* [Work item]:
Write out exactly the lines of the entries below, from the first through the line containing "لیفت شقیقه در کرج", and nothing beyond them.

** Opening Records for the exercise block **

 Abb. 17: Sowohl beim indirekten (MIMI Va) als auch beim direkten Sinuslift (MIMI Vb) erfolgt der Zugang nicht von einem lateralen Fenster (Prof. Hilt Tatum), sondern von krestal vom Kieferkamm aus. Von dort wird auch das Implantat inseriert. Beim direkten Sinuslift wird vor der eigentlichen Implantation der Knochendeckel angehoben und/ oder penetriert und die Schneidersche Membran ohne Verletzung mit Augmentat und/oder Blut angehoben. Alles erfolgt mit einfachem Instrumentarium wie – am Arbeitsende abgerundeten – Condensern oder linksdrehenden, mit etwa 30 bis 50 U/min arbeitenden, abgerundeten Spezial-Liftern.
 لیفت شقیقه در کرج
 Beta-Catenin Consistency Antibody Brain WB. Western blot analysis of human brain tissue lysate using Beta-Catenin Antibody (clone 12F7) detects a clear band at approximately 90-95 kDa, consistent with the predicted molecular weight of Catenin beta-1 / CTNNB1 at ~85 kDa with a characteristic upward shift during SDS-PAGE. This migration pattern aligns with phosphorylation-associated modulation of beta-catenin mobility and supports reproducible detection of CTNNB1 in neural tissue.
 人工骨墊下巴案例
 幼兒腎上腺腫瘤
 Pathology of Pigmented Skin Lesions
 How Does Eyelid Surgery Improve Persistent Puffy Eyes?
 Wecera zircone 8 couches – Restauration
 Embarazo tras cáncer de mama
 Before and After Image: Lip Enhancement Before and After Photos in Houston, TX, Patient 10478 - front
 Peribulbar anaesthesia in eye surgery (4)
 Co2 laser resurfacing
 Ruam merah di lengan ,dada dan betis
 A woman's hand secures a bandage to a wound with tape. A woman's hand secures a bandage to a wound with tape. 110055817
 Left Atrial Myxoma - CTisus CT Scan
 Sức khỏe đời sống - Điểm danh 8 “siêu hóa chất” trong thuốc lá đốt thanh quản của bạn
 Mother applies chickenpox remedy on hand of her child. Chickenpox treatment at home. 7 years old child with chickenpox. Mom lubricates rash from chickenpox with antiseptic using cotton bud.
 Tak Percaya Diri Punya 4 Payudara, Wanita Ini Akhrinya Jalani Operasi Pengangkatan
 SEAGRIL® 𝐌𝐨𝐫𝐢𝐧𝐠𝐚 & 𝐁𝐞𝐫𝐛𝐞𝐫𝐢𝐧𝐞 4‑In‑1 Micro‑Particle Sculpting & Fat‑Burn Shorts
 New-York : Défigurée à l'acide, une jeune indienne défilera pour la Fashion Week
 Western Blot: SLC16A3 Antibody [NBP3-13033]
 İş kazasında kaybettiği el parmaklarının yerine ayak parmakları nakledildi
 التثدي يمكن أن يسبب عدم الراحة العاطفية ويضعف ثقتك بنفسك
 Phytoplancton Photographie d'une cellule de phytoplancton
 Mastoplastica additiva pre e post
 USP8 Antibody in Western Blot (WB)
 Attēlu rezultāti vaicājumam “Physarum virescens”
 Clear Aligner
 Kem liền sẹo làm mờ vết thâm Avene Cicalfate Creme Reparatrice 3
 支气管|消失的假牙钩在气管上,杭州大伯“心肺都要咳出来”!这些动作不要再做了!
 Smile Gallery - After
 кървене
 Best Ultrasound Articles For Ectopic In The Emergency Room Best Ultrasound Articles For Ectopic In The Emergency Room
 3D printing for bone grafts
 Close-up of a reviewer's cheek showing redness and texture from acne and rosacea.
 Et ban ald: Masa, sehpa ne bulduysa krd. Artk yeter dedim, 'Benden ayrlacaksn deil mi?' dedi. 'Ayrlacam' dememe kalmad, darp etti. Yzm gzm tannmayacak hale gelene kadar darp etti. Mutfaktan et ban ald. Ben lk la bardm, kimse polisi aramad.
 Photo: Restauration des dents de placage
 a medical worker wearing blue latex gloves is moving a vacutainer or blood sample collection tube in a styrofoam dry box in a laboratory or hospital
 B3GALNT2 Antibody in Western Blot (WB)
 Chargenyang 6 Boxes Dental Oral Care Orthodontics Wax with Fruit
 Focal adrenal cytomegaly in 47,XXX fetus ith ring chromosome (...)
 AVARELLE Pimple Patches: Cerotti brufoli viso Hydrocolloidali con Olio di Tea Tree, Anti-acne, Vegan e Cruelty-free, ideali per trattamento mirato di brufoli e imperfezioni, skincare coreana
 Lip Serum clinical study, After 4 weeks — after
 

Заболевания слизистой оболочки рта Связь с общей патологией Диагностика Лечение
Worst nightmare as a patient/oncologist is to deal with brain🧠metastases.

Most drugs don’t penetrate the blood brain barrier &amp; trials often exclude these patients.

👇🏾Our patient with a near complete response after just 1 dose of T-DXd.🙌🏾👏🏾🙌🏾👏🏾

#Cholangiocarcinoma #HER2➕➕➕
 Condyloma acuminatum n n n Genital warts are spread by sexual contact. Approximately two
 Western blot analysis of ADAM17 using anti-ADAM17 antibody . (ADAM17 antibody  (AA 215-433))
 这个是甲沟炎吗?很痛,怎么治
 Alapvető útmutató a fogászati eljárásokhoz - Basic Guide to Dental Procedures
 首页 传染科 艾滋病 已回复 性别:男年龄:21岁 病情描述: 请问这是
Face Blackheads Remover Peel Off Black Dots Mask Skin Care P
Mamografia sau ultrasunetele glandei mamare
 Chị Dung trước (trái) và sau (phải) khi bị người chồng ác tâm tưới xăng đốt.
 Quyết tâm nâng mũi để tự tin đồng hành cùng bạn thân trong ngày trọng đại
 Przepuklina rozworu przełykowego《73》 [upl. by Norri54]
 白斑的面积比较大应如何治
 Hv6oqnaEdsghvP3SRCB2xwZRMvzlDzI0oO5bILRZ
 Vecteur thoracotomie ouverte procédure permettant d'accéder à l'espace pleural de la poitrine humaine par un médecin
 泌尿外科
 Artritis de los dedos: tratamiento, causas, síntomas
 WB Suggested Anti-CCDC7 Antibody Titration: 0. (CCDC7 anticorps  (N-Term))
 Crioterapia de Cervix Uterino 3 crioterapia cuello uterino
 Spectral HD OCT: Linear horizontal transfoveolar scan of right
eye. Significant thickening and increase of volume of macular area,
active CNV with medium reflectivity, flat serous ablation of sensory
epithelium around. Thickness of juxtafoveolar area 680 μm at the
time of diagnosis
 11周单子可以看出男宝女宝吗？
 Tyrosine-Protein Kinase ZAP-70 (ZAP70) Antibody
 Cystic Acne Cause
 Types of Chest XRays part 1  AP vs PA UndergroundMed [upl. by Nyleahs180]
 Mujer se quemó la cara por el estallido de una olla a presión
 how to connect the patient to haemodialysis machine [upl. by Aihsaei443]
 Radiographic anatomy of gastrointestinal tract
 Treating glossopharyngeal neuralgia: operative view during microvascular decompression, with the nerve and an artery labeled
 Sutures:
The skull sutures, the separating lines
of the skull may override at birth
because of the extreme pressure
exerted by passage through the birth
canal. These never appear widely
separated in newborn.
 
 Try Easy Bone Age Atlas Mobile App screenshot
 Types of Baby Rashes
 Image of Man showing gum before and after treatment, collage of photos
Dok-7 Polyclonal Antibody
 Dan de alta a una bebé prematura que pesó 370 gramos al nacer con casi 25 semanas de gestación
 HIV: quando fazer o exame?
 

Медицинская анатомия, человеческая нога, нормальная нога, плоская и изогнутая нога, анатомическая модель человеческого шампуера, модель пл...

** Closing Records for the exercise block **

* [Answer box]:
 Abb. 17: Sowohl beim indirekten (MIMI Va) als auch beim direkten Sinuslift (MIMI Vb) erfolgt der Zugang nicht von einem lateralen Fenster (Prof. Hilt Tatum), sondern von krestal vom Kieferkamm aus. Von dort wird auch das Implantat inseriert. Beim direkten Sinuslift wird vor der eigentlichen Implantation der Knochendeckel angehoben und/ oder penetriert und die Schneidersche Membran ohne Verletzung mit Augmentat und/oder Blut angehoben. Alles erfolgt mit einfachem Instrumentarium wie – am Arbeitsende abgerundeten – Condensern oder linksdrehenden, mit etwa 30 bis 50 U/min arbeitenden, abgerundeten Spezial-Liftern.
 لیفت شقیقه در کرج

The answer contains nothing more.